クムラン断片の校訂者であるJozef MilikはこのDixの見解を取り入れ、エチオピア語訳のみならず、前100年頃のクムランでも五書形式のエノク文書が存在していたと主張した。この見解については、論文著者の博士論文をはじめ、Jonas C. Greenfield & Michael E. StoneやMichael A. Knibbらが反論を加えている(また「たとえの書」がキリスト教由来の3世紀後期の作であるというMilikの主張も同じ者らによって反論されている)。
Milikは、アラム語写本4Q204が「寝ずの番人の書」「夢幻の書」「エノク書簡」や「ノアに関する付加」までも含んでいることから、当時エノク文書を集める習慣があったことを論じている。
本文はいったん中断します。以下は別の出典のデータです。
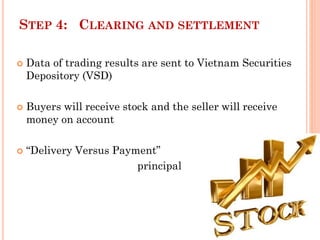 STEP 4: CLEARING AND SETTLEMENT
 Data of trading results are sent to Vietnam Securities
Depository (VSD)
 Buyers will receive stock and the seller will receive
money on account
 “Delivery Versus Payment”
principal
 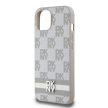 DKNY iPhone 12/12 Pro PU Leather Checkered Pattern and Stripe DKHCP12MPCPTSSE hátlap, tok, bézs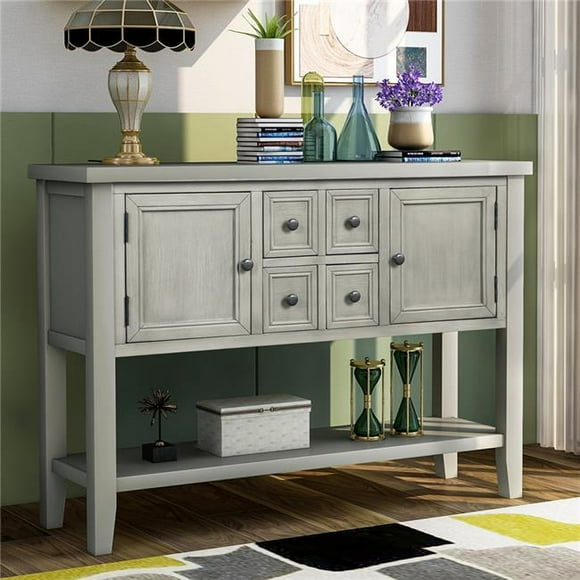 Direct Wicker UBS-WF190263AAE Sideboard Console Table with Bottom Shelf, Buffet Storage Cabinet for Living Room (Antique Gray)
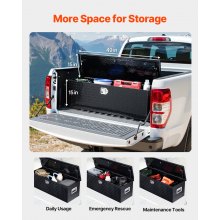 VEVOR 49"x15"x15" Heavy Duty Aluminum Truck Bed Tool Box for Pickup RV Black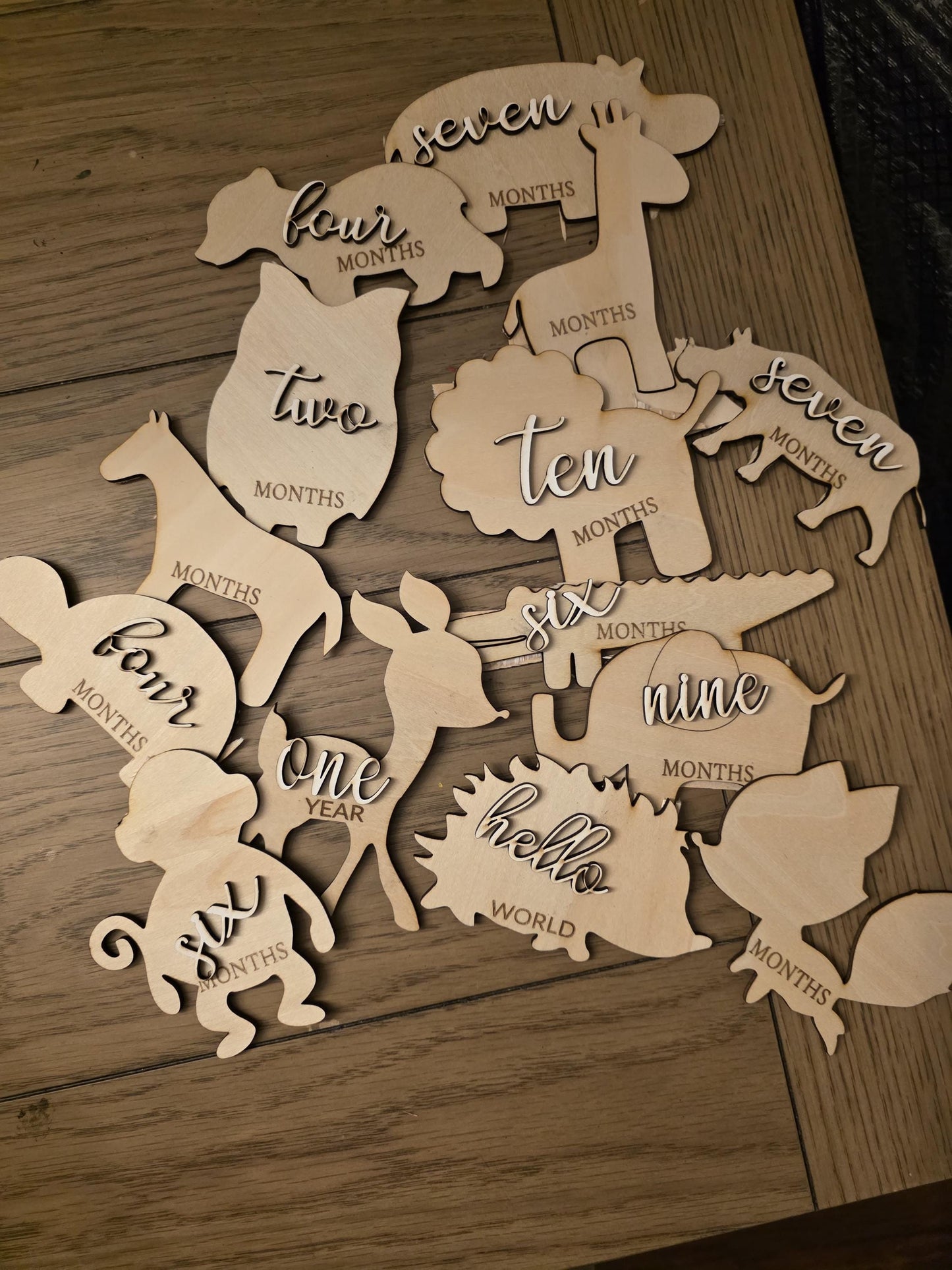Wooden Zoo Animal Monthly Milestones Photo Props Newborn to 1 Year, 3D Baby Milestone Cards, Choose Any 3 Colors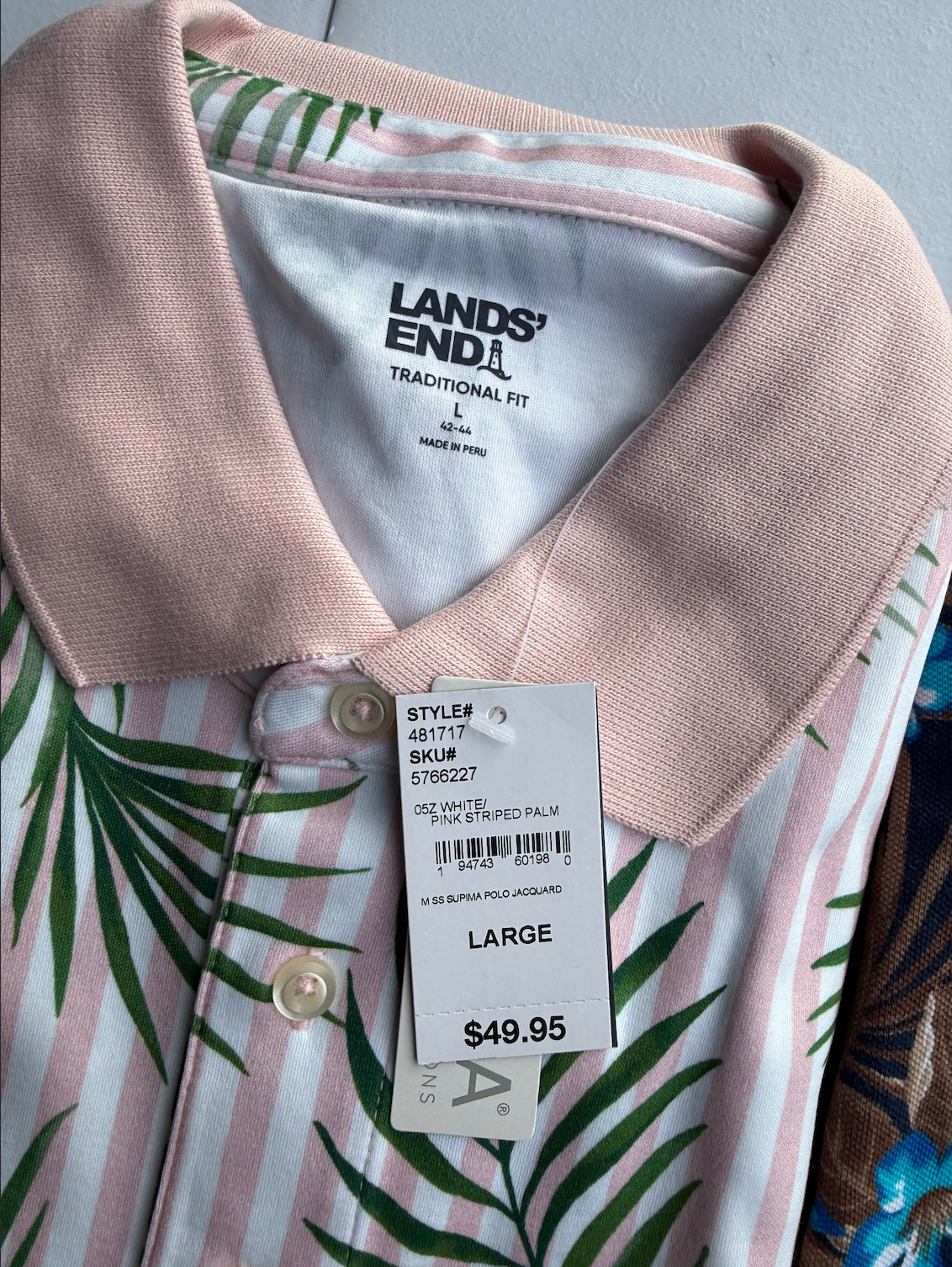 2 Pack Lands' End Polo Mens Large Traditional Fit Cotton Brand New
さらに、クムランでは「たとえの書」の代わりに「巨人の書」が収録されたとMilikは主張する(「巨人の書」が書かれている4Q203はもともと4Q204の一部だったと彼は考えているが、この説はのちにLoren Stuckenbruckによって覆された)。ただし「天文の書」だけは長すぎるので別の写本に写されたという。論文著者はこうしたMilikの説には懐疑的である。五書形式に固執するあまり、「巨人の書」にその一翼を担わせるのは強引な説明である。『エノク書』のようなあまりに断片的な保存状態の作品を写本の形式からのみ語ることは不適切である。
そこで論文著者は、「『エノク書』とは似たような文書のよせあつめなのか、それとも確かなプランに基づいて集められ並べられたものなのか」という最も基本的な問いを立て、それを文学的な分析に基づいて検証している。そして結論を先取りするならば、『エノク書』とは、エノクの伝記という確かなテーマのために構築された統一的なコーパスであるという。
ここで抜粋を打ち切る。